Dataset excerpt -
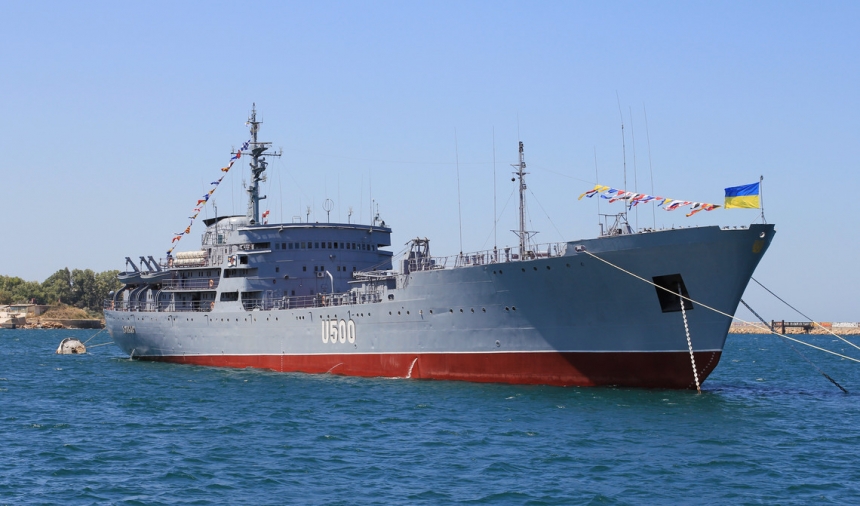 В Одессе произошел пожар на корабле ВМС Украины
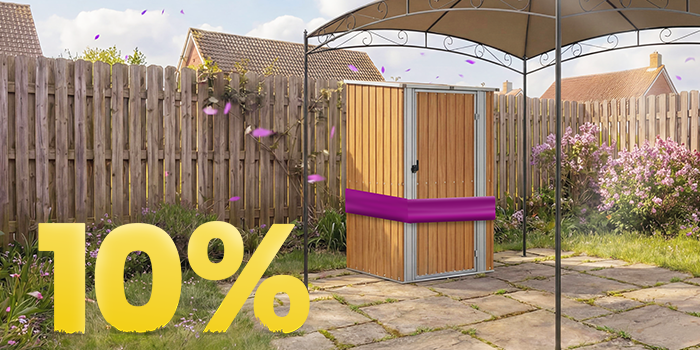 Hageskur i tre under paviljong på solrik terrasse, omgitt av blomster og gjerde, med banner for 10 % vårkampanje.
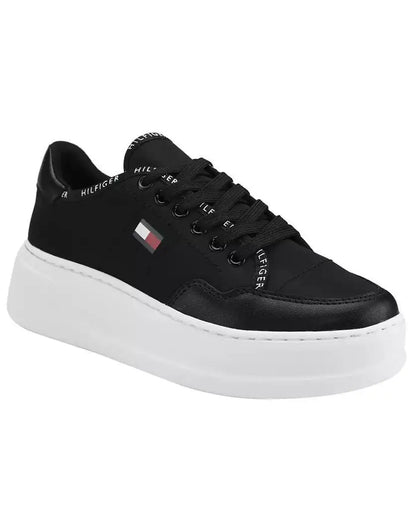 Tommy Hilfiger | Women's Grazie Lightweight Lace Up Sneakers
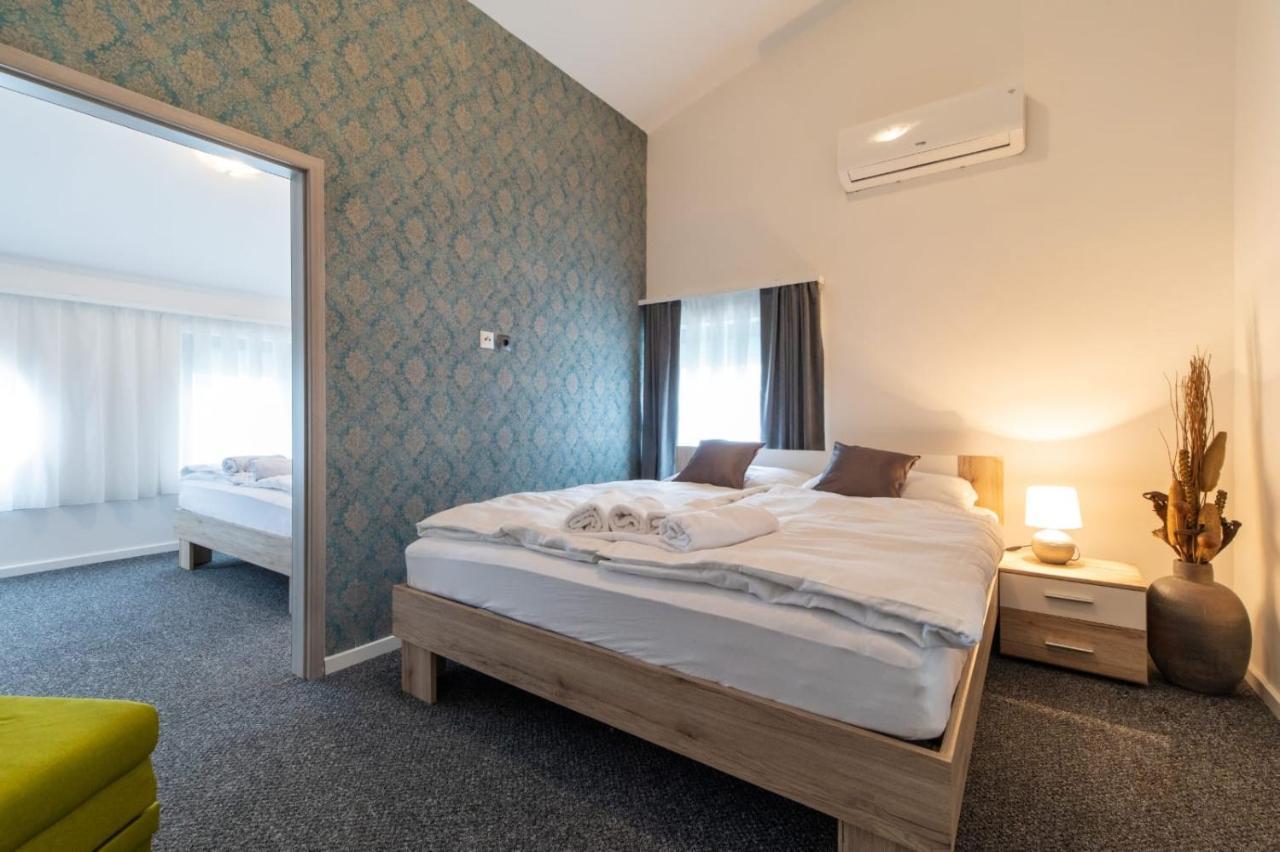 Four Roses Bed & Breakfast Zagreb Ngoại thất bức ảnh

Aim of the exercise -
Repeat the material above word for word; no images go in the copy.

Result below -
 В Одессе произошел пожар на корабле ВМС Украины
 Hageskur i tre under paviljong på solrik terrasse, omgitt av blomster og gjerde, med banner for 10 % vårkampanje.
 Tommy Hilfiger | Women's Grazie Lightweight Lace Up Sneakers
 Four Roses Bed & Breakfast Zagreb Ngoại thất bức ảnh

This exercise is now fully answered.